VIVER DEPOIS DE TI, Thea Sharrock

Inês Lourenço
Imagem do filme "Viver depois de ti"© Direitos Reservados

Se é de fazer chorar as pedrinhas da calçada? Sem dúvida. E também não escapa aos lugares comuns do romance que envolve grandes adversidades, como a doença. No entanto, é difícil resistir ao magnetismo dos atores que lideram este Viver Depois de Ti - Emilia Clarke (A Guerra dos Tronos) e Sam Claffin (The Hunger Games) - adaptado do bestseller de Jojo Moyes, pela própria.

Sem estes protagonistas, ainda que não amplamente experimentados no grande ecrã, a primeira longa-metragem da veterana do teatro Thea Sharrock não teria o feitiço elementar de uma história de Cinderela: percebe-se cedo que a humilde Lou (Clarke), como nova cuidadora do aristocrata e jovem paraplégico Will (Claffin), sustenta uma ternura inabalável, com laivos de Audrey Hepburn...

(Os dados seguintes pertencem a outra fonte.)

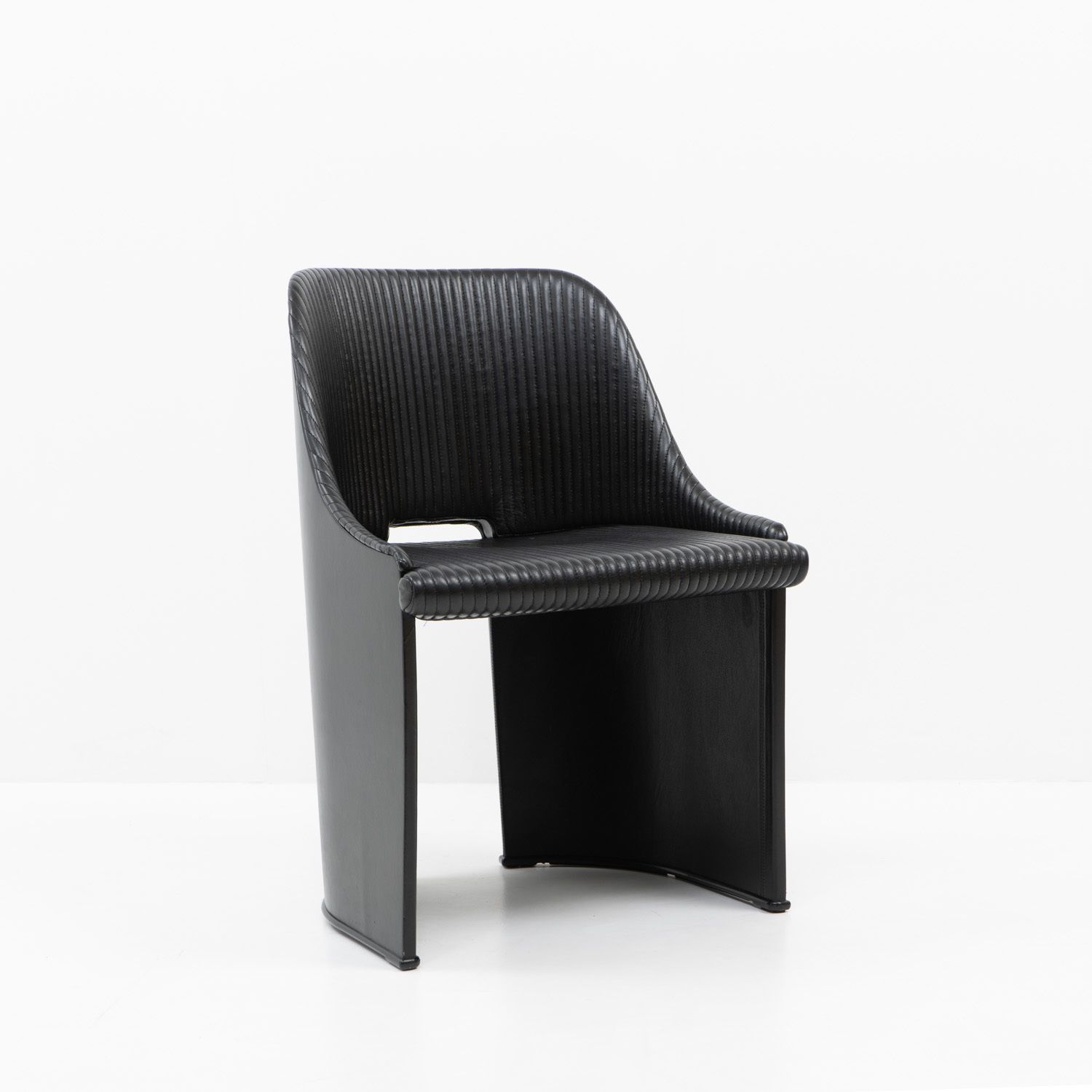 Artona 8551 Side Chair By Afra And Tobia Scarpa For Maxalto – 1980s photo furniture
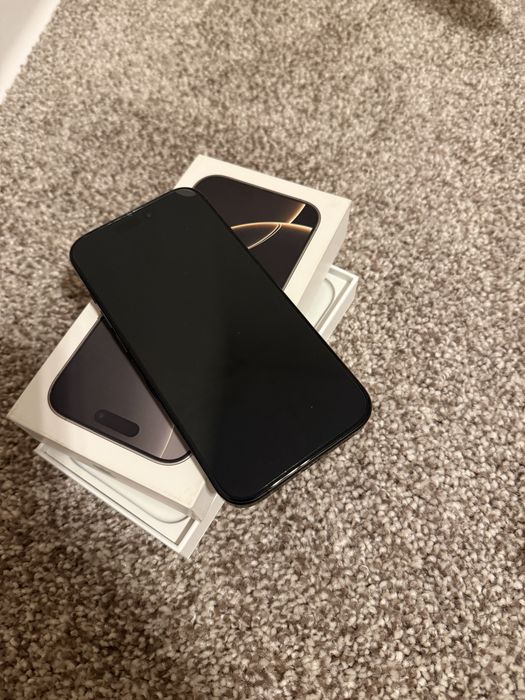 Iphone 15 pro impecabil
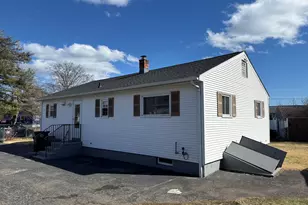 35 Early Ave, Stratford, CT 06615 - Photo 3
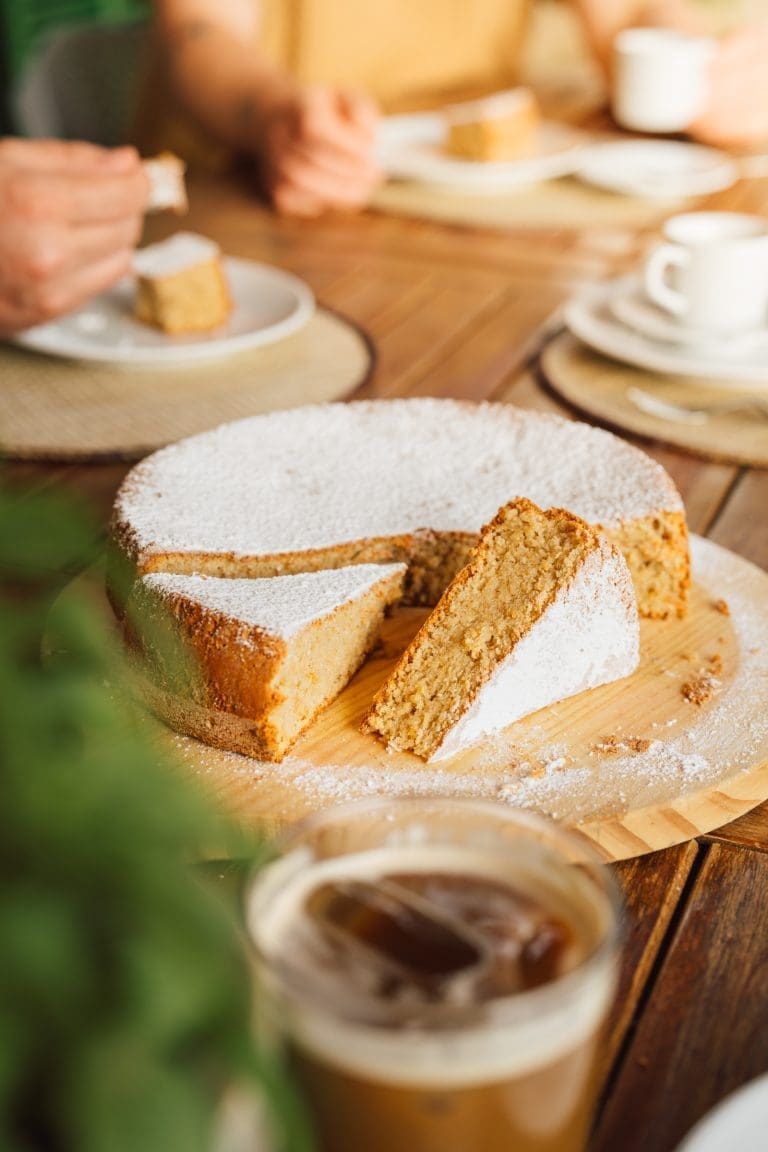 Mallorquinischer Mandelkuchen 4 | Wenn uns eine Sache verbindet, dann ist es der Sonntagnachmittag mit Kaffee, Kuchen und der Frage: „Wer schneidet an?“ Aus genau dieser Liebe ist über die Jahre eine ziemlich große Sammlung geworden – mal schnell vom Blech, mal sonntäglich aus der Springform, mal nach einem Rezept, das schon Oma Lore in ihrer Kölner Küche gebacken hat.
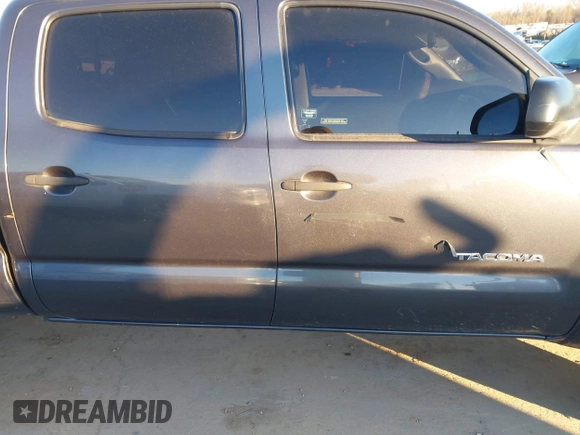 2015 Toyota Tacoma with VIN 3TMMU4FN5FM077680, listed as a IAAI auction lot 41008355 with 221,940 mi miles. Bid and sale history available at carsss.com. Image 13.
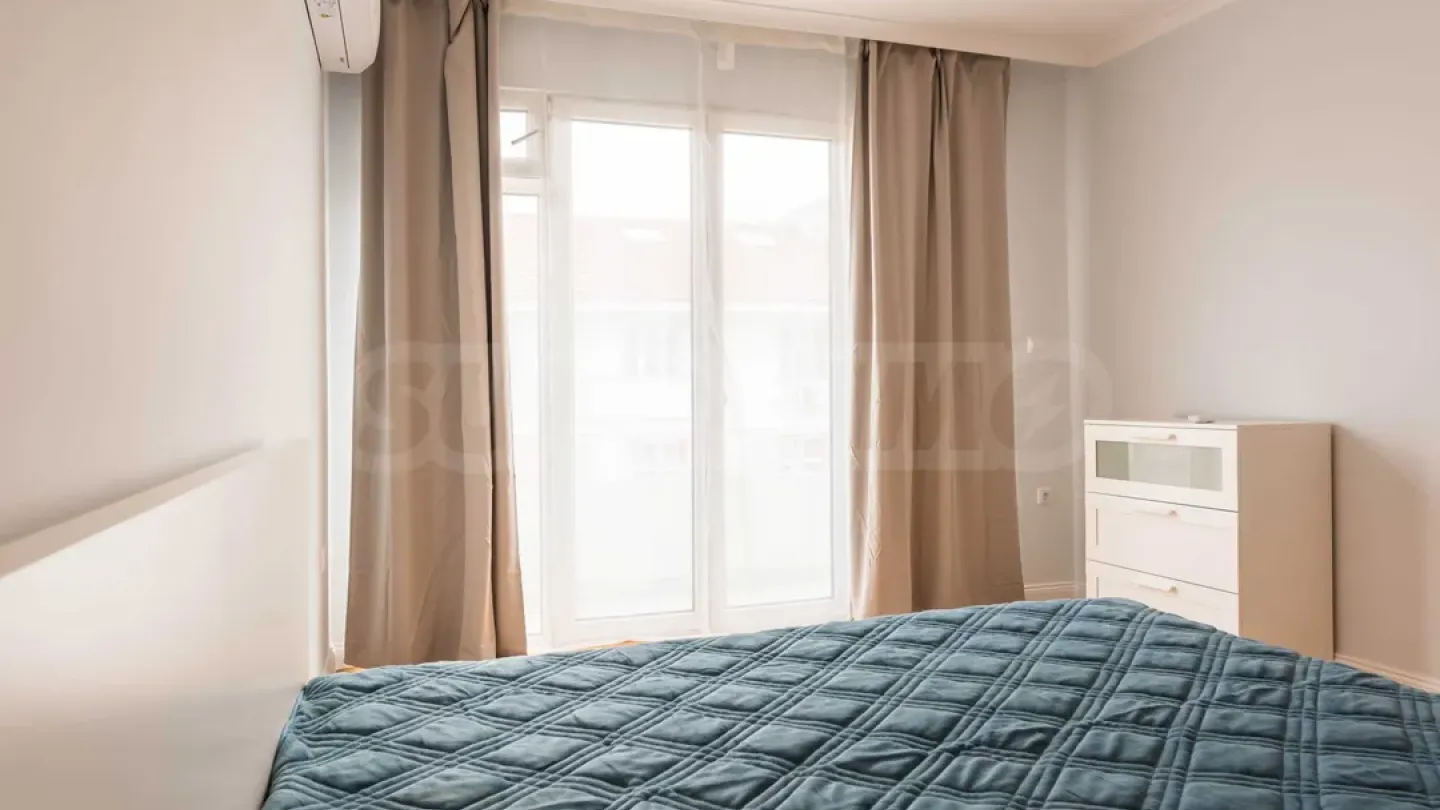 Spacious 3-Bedroom Apartment in Varna City Center - Image 3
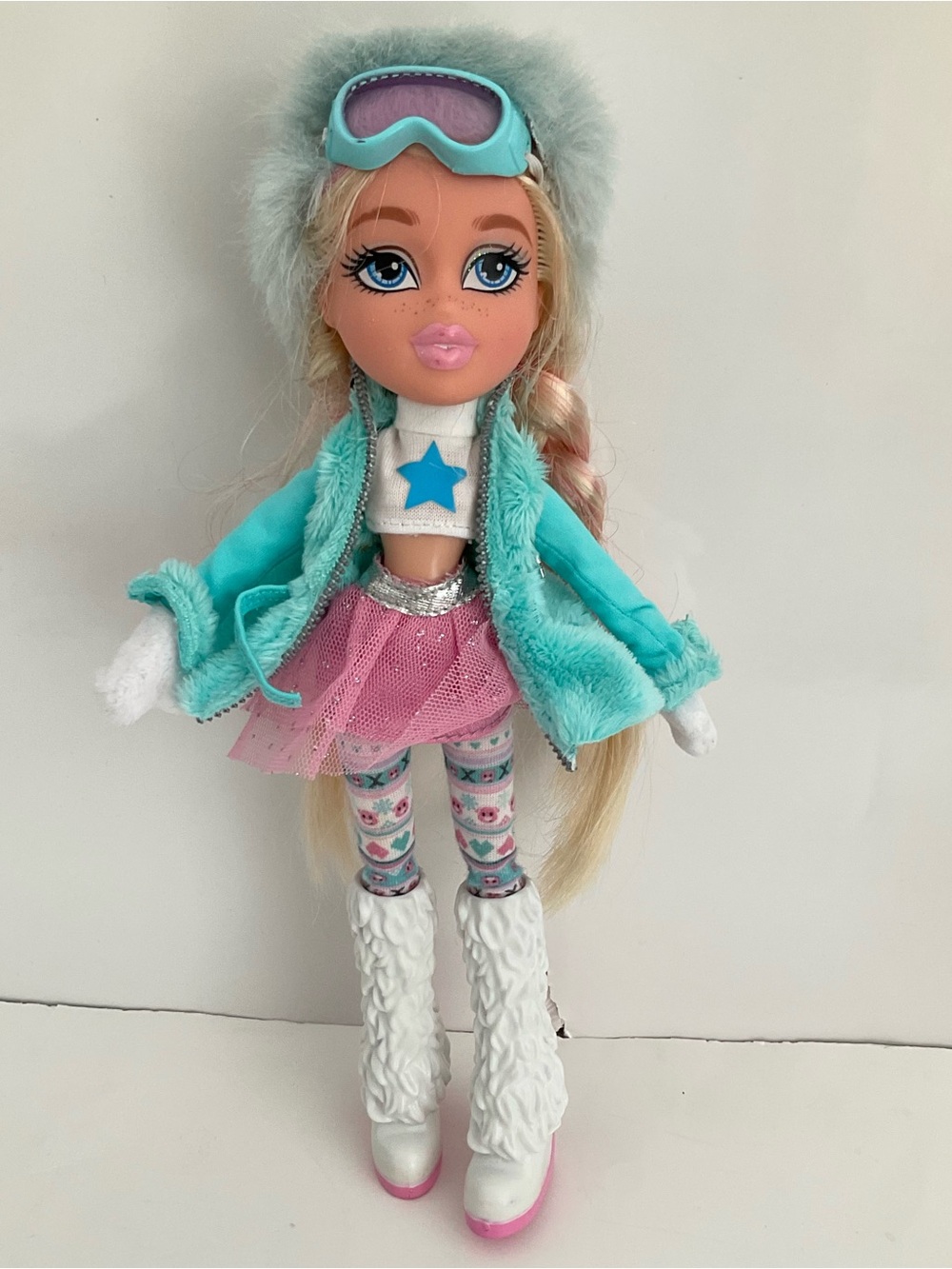 Bratz 2015 #Snowkissed Cloe Doll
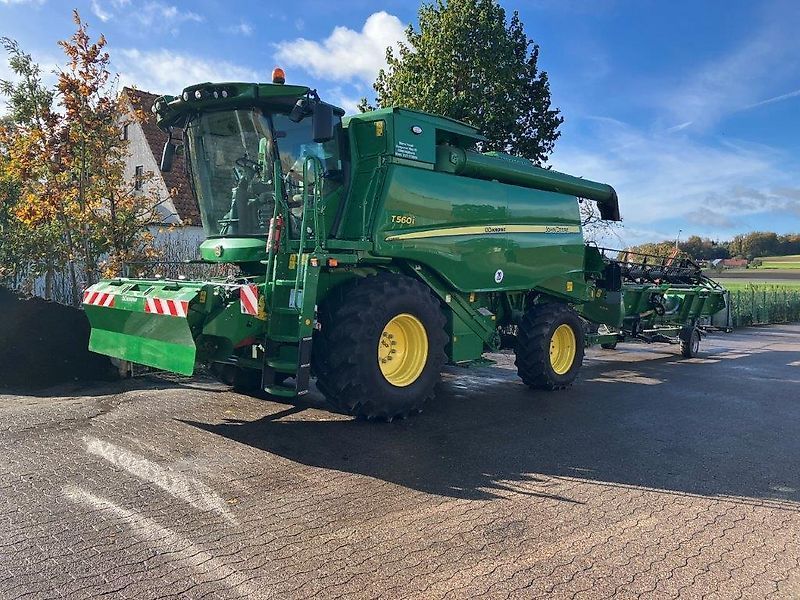 John Deere T 560 Combine harvester €239,900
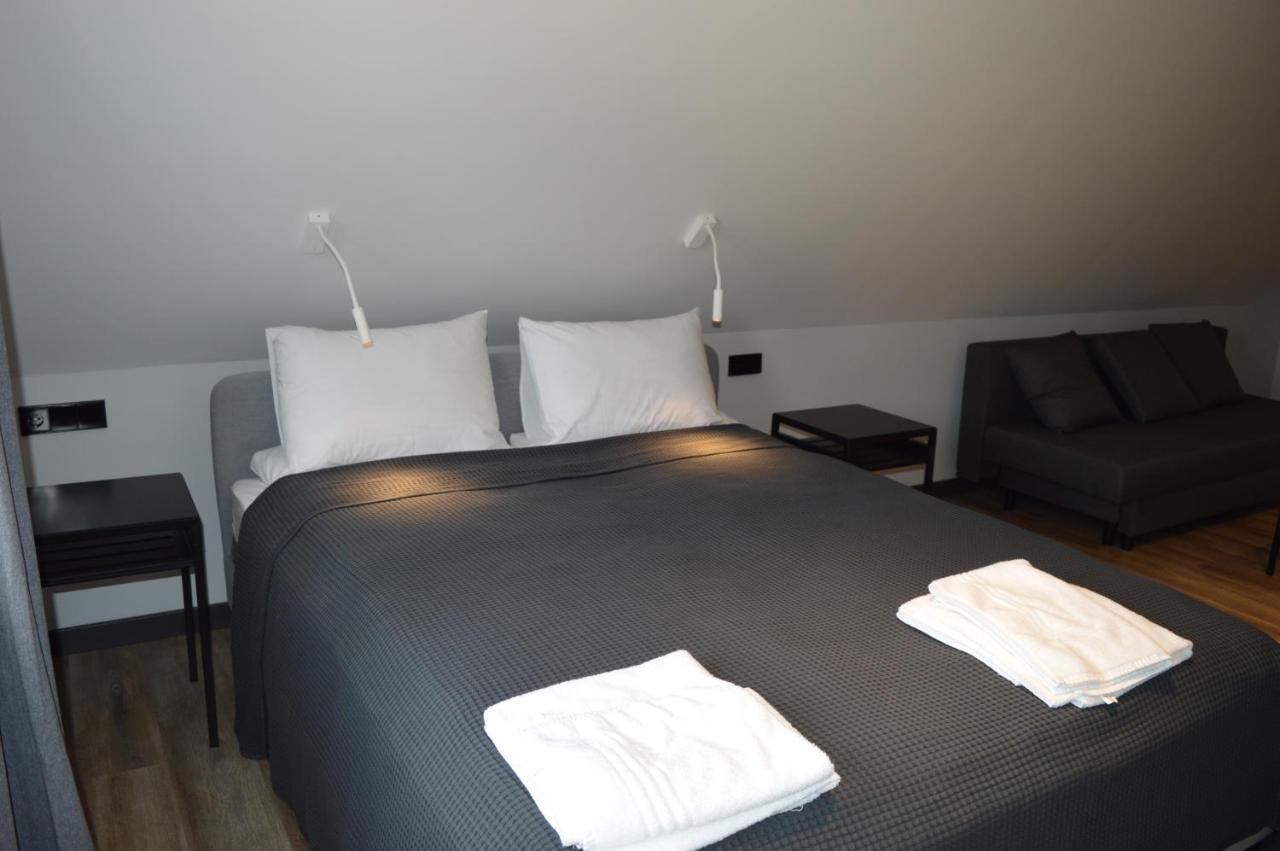 Baltas Gandras Hotel Naisiai Bagian luar foto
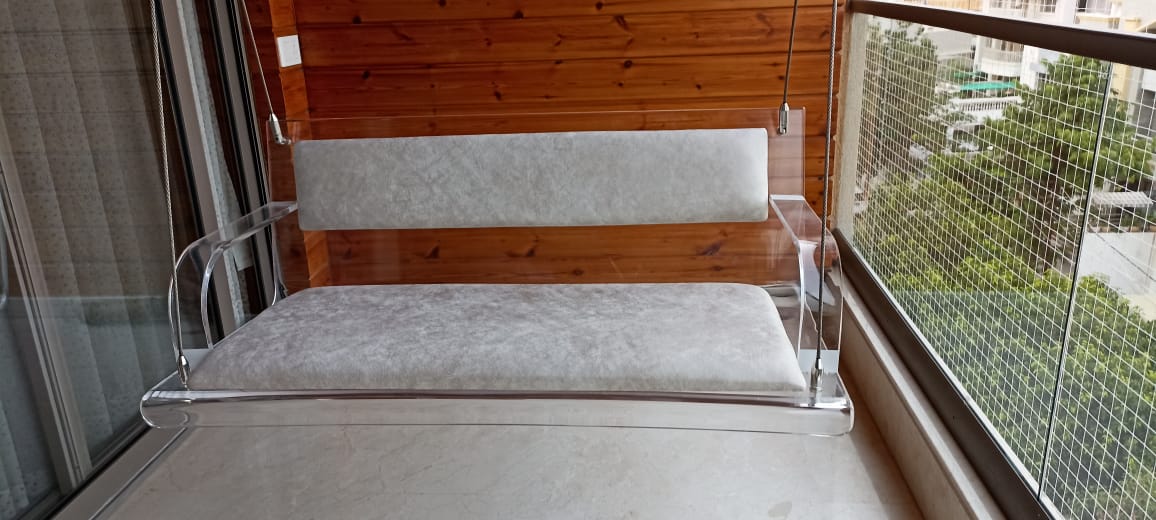 Acrylic Transparent Plain 4 ft swing with cushion and rope wire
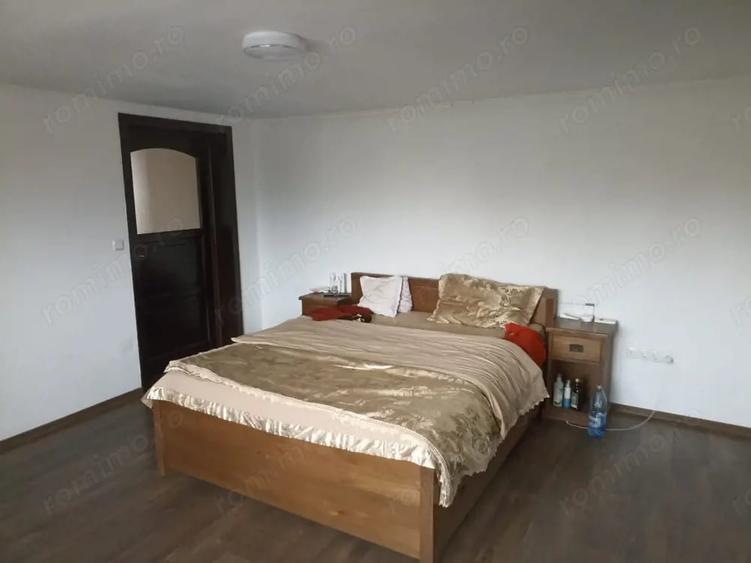 Casă cu 6 camere cu Teren 650 Mp în Central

Em pequenos passos, que começam a progredir depois de se esbater a amargura estoica de Will, estes dois vão-se aproximando numa subtil intimidade reforçada pela câmara. E ainda que se sinta a manipulação emocional - porque é um filme que lida com a sombra da morte face ao amor - há uma sinceridade que afasta as reservas maiores.